Legislative remedies no antidote to ‘Smith’ decision
In the 1990 case of Employment Div., v. Smith, the Supreme Court held that generally applicable health, welfare and safety laws pose no First Amendment free-exercise clause problem even if they severely infringe on religious practices. According to the holding in Smith, only laws that specifically target religion give rise to a free-exercise claim. Smith overruled a 30-year line of cases in which the court had balanced the extent of a general law’s “accidental” interference with religion against the importance of the government’s regulatory interest. When the accidental interference with religion outweighed the government’s interest in applying the law to a religious practice, the free-exercise clause required that the religiously motivated conduct be exempted from the general regulation. The court’s pre-Smith jurisprudence intuitively recognized that tyranny of the majority would be manifested more often through neutral laws passed without regard to minority religious interests than through laws intended to suppress minority religions.
In response to the Smith decision, a coalition of libertarians and religious organizations pressed Congress to legislatively reinstate what they understood to be the pre-Smith jurisprudence. The result was the Religious Freedom Restoration Act of 1993 (RFRA), which was quickly struck down by the Supreme Court as a legislative action that exceeded the specifically delegated legislative powers of Congress. The numerous supporters of RFRA have responded to that setback with a two-part strategy: a) the proposed Religious Liberty Protection Act (RLPA), which is a rewrite of RFRA that applies only in those areas that are subject to one of Congress’s delegated legislative powers (e.g., federal spending programs), and b) RFRAs passed by each state legislature.
Although this new strategy solves the legislative power problem that sank the original RFRA, any attempt at a legislative fix for the court’s misstep in Smith is problematic for three reasons.
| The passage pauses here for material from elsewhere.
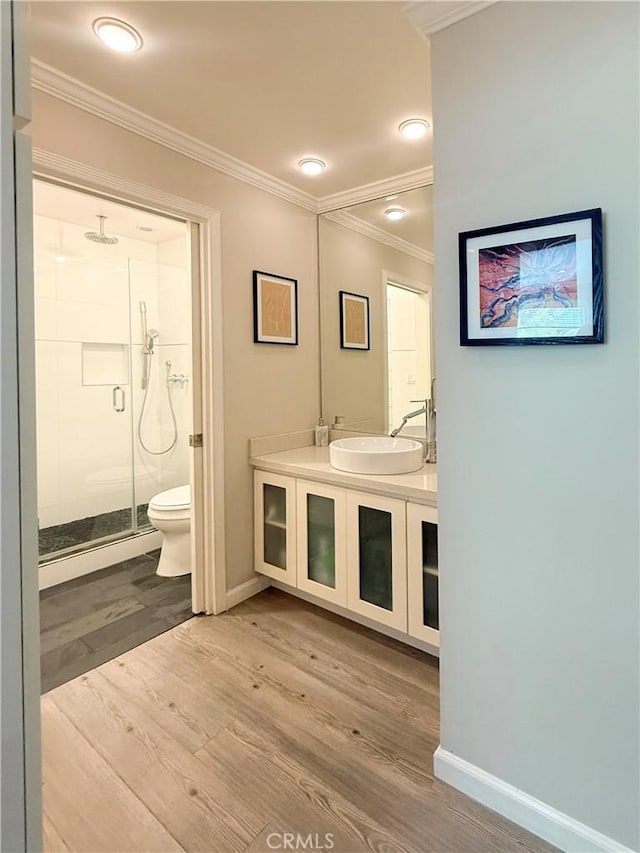 972 Larrabee St Unit 119, West Hollywood, CA 90069 - bathroom with a shower stall, ornamental molding, wood finished floors, and vanity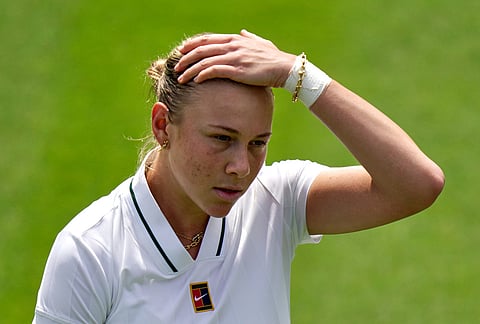 Amanda Anisimova of the United States reacts during the women's singles match against Lina Gjorcheska of North Macedonia at the Wimbledon Tennis Championships in London, Tuesday, June 30, 2026.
First, RLPA and the state RFRAs require a religious exception to any generally applicable law unless the government can show a “compelling interest” in applying the law to the religious conduct. Prior to Smith, the court applied the compelling-interest test only to the most serious accidental impairments of religion. Less serious accidental impairments were sustained on the basis of far less than “compelling” regulatory interests. Because the compelling interest test is the most demanding standard that the Supreme Court has ever devised, its application by RLPA and the state RFRAs will create many more religious exemptions than the court would have created pursuant to its pre-Smith balancing jurisprudence.
Second and more important, the religious exceptions created by RLPA and the state RFRAs are preferential treatment of religion that is not required by the free-exercise clause after Smith. Preferential treatment of religion over nonreligion violates the establishment clause.
Third and most important, pursuing a legislative fix for Smith leaves unchallenged the basic holding in Smith that accidental interferences raise no First Amendment problem. This principle applies equally well to free speech, as Justice Antonin Scalia argued in his concurring opinion in Barnes v. Glen Theatre. The result of this logical extension would be that accidental interferences with speech (usually known as time, place, or manner restrictions) would raise no First Amendment problem no matter how serious the interference.
Only the Supreme Court can remedy its analytical misstep in Smith. The vigorous efforts of RFRA-RLPA proponents should be redirected to persuading the court to overrule Smith at the earliest opportunity.
— Tom McCoy is a professor with the Vanderbilt University School of Law and a legal correspondent for the First Amendment Center.